Reading Partners helps kids from falling behind in reading
November 13, 2013
NORTH CHARLESTON, S. C (WCIV) — When it comes to kids, many prefer to play video games rather than read books.
But Reading Partners, a national organization that took over the local Book Buddies program, is working to make kids choose books.
The program has a 90% success rate in helping kids better their reading skills and keeping them from falling behind.
The program is operated in eight Title I schools in Charleston County.
Relston Sanders is a 5th grader at Mary Ford Elementary School is one year behind in reading.
But that hasn’t kept the 10 year old from having big dreams.
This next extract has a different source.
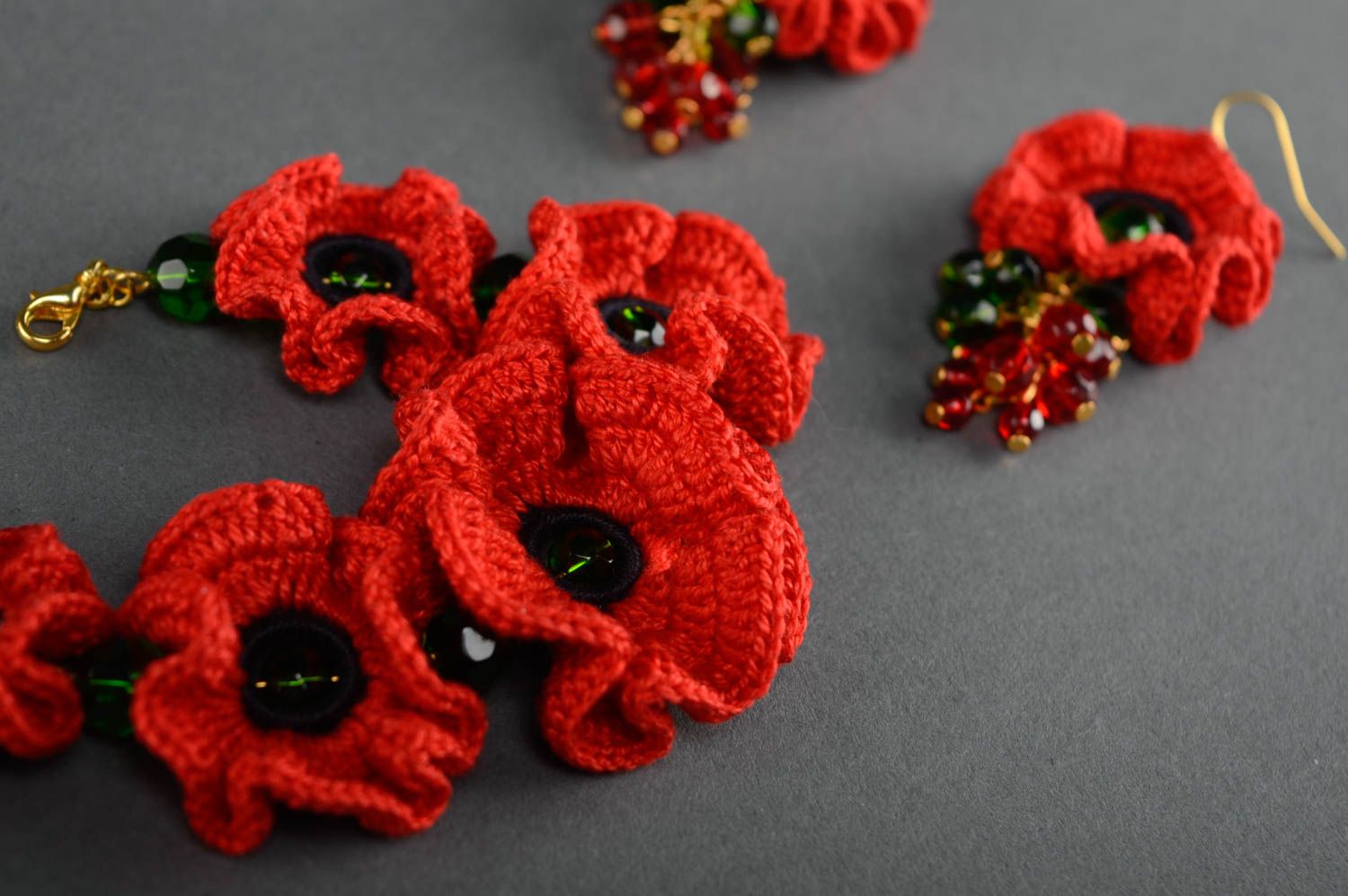 Bright crochet bracelet with red poppy flowers photo 5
“I want to be in the military to help my country, so our country can be safe,” he said.
The future serviceman knows how important reading skills are to being successful in the Navy.
His tutor, Jesse Hudson, is determined to keep Sanders from falling further behind.
“By the end of the program he is going to be on top,” Hudson said. “Because he is reading well, he is comprehending well and he takes his books home and reads his books and comes back to share with me what he read.”
Louis Kohlheim, the board chair for Reading Partners Charleston, said she hopes the program will soon include all 17 of the district’s high-poverty elementary schools.
“We are striving for the curriculum to be an accelerated rate of learning,” she said. “So for every one month of being in school they have a 1.6 or one in a half month of learning.”
What makes the program different from others, is every volunteer is trained and measures progress through internal and standardized tests.
Once a child is paired with a volunteer, the two stay together throughout the program.